■ INPUT DATA
============================================================
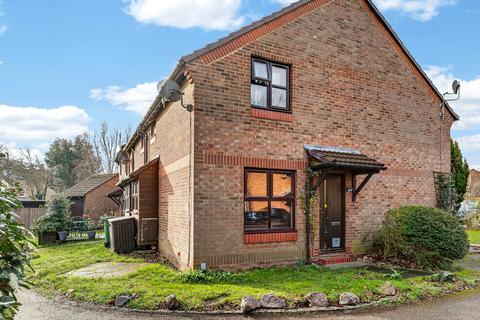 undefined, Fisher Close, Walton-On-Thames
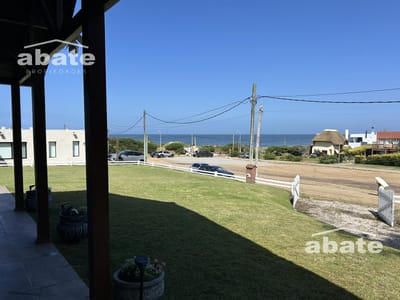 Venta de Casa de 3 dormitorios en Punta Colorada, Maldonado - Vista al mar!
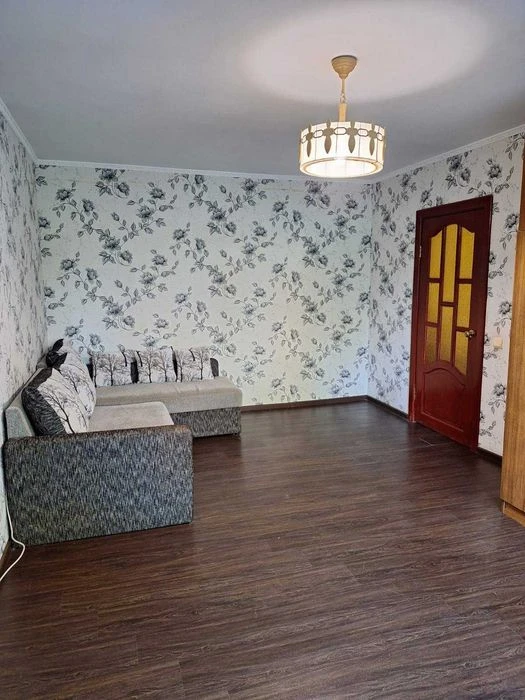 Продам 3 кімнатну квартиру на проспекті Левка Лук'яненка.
============================================================
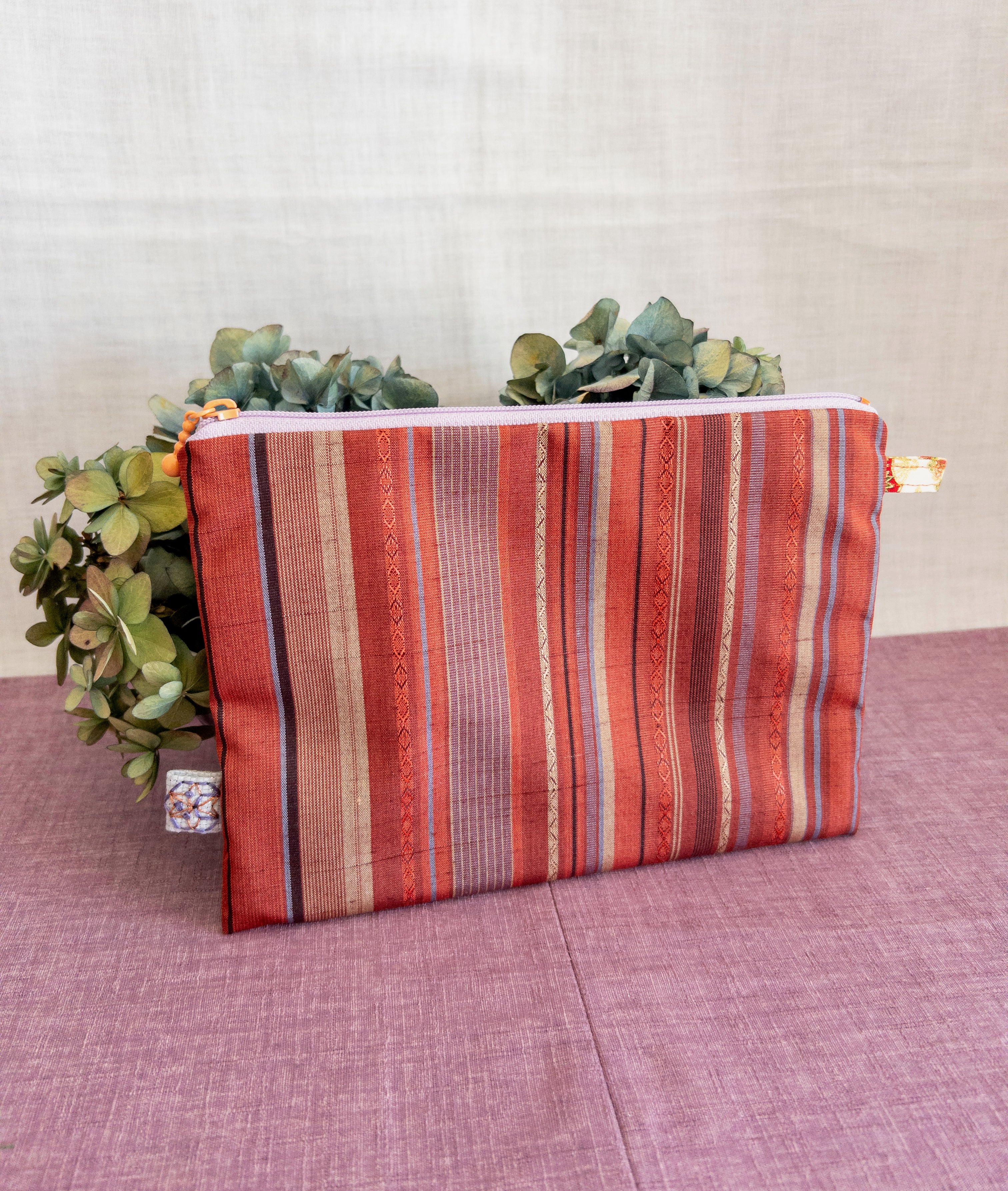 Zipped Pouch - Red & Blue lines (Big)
============================================================
■ EXERCISE DESCRIPTION
Among the records above, locate the line containing "undefined, Fisher Close, Walton-On-Thames" and the line containing "Продам 3 кімнатну", then transcribe exactly the lines starting at the first and ending at the second, with no pictures.

■ EXERCISE OUTPUT
 undefined, Fisher Close, Walton-On-Thames
 Venta de Casa de 3 dormitorios en Punta Colorada, Maldonado - Vista al mar!
 Продам 3 кімнатну квартиру на проспекті Левка Лук'яненка.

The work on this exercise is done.